Tuesday, May 21, 2013

Miracles Come to Those who Look for Them.


 I walked into the HFAC twice today. The first time was to get bookbinding paper and the second time was to get linen thread I forgot to grab it the first time around. I normally wouldnt forget a simple thing like that, but nevertheless I did. I saw a man on the first floor.  He looked like the guy from Wheres Waldo. He looked at me with eyes. I wanted to talk to him.- not sure how to explain- sometimes you just feel you should talk to people. He was wearing a red striped shirt too which made him look even more like Waldo (if it was possible) But I decided to get the art things I needed and then circle back to talk to him. With that in mind I walked up to the stockroom and bought the thread.
  "why not just cut the paper here, they probably have huge paper killer somewhere in this building!?... right?" I thought about going back down the stairs to look for that paper cutter after talking to the man but for some reason I wanted to go upstairs. I didn't question it. I was also planning on practicing the piano right after I got the paper (which is on the other side of the HFAC) but I just kept walking. Down the first hallway I  thought looked like a plausible place for a paper cutter. Noticing the posters on the side. First room. Step in- it's deserted. I love art rooms though. They are so full of messiness, creation, color, disorganized organization. I took a quick peek in. Nothing. The second door was for the same room. Why would I walk in? I dont know. I just walked in. kept walking and I was at the window looking down from the HFAC. My eyes turned to the right.
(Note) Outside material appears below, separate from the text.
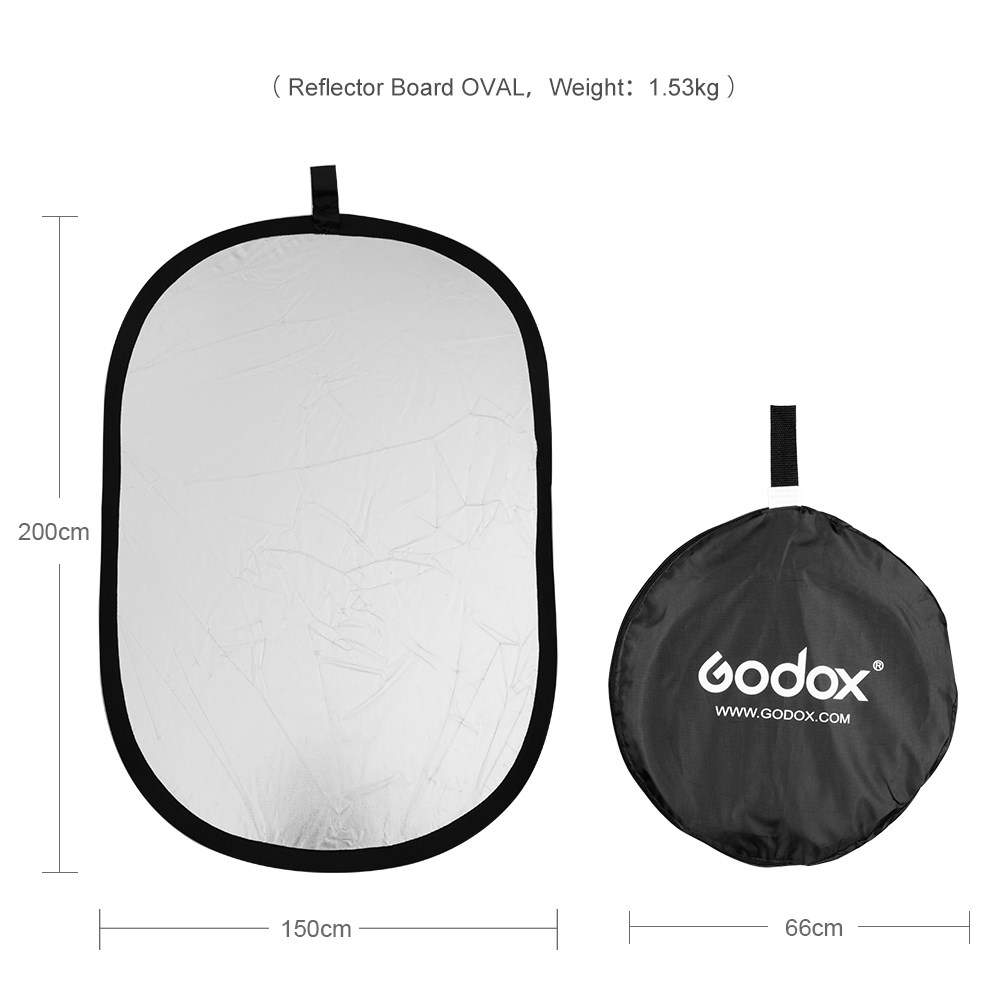 Godox 2in1  Gold and Silver Ov - Reflector Disc Silver ulasan dan harga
There was two portfolios on the window ledge. 

maybe.

just maybe.

I opened the first one and a lion facing a little girl fell out.
All of the pieces that had been "thrown away." They were all there. just sitting there in this random room in a random hallway of the HFAC and I just happened to walk into that room. It just happened to be unlocked and deserted at that time, and I just happened to feel like I should open that brown portfolio that might or might not have been mine and find all of my lost artwork.
All of it.

 I cant even explain that joy. Not only knowing that my hours and hours weren't wasted, but knowing God had placed me in that precise moment at that precise time. I love Him. More than I can put into words and more than I can comprehend myself. I feel myself trusting Him more and more 
and I find myself becoming happier and happier.
I dont believe in coincidence. How could I?